Hey guys...need some help. I am a Canadian whose been living in Asia for 6 years...my husband is Indian but have his Canadian Permanent Resident visa...we are planning on moving to Canada this summer with our 2 small children and would like to bring our Thai nanny with us. She meets all of the qualifications for the live-in caregiver program but whilst trying to fill in the application there is a lot of information I cannot provide. Like our Canadian address, phone number, employers etc as we don't know it yet...we were planning on staying in a serviced apartment when we arrive until we buy a house. As for employment, my husband two 2 viable businesses in Asia that would provide us ample income until we find work in Canada.
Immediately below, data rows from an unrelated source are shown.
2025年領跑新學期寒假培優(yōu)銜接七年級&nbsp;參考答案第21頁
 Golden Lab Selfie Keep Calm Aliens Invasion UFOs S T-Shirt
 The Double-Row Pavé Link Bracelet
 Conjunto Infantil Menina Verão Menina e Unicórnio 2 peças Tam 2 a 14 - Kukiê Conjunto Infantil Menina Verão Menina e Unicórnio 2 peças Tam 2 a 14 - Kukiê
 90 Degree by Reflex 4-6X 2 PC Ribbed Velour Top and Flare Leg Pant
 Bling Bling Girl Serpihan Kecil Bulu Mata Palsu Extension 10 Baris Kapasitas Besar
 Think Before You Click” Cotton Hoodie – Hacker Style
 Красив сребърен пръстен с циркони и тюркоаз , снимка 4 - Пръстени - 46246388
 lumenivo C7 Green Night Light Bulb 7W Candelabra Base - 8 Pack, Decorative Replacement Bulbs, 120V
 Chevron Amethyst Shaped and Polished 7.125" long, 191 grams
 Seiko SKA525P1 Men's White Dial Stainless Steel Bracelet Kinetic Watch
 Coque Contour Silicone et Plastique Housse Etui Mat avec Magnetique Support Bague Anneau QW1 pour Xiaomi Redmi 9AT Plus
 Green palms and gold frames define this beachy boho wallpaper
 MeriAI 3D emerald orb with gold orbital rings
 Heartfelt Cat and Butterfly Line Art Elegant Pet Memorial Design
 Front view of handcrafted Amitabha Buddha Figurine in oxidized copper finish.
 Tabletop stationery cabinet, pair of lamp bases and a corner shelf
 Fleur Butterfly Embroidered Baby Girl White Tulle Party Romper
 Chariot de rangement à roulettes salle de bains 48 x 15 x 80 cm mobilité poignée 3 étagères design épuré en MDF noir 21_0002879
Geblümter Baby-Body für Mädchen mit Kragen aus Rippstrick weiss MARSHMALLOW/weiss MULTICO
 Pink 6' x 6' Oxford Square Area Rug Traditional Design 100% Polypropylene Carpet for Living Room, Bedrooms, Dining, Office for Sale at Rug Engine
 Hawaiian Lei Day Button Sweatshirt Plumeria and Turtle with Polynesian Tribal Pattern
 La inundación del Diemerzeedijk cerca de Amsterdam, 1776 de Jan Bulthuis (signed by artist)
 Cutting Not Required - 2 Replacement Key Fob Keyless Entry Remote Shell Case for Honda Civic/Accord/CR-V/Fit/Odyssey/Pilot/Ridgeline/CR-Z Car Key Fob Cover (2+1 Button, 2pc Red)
So what should be do -
1 - bring her on a tourist visa and start the application once we are there
or 2 - try to buy a house before we move?

Thanks for any advice!


----------



## Auld Yin (Mar 10, 2009)

nslaunwhite said:


> Hey guys...need some help. I am a Canadian whose been living in Asia for 6 years...my husband is Indian but have his Canadian Permanent Resident visa...we are planning on moving to Canada this summer with our 2 small children and would like to bring our Thai nanny with us. She meets all of the qualifications for the live-in caregiver program but whilst trying to fill in the application there is a lot of information I cannot provide. Like our Canadian address, phone number, employers etc as we don't know it yet...we were planning on staying in a serviced apartment when we arrive until we buy a house. As for employment, my husband two 2 viable businesses in Asia that would provide us ample income until we find work in Canada. So what should be do -
> 1 - bring her on a tourist visa and start the application once we are there
> or 2 - try to buy a house before we move?
> 
> Thanks for any advice!


Is your husband in line with the 2 years out of 5 rule? If he hasn't completed 2 years residence in Canada in the past 5 years he no longer has PR status.

Your nanny may come to Canada as a visitor, however she will not be permitted to work for you as she will not have status.


----------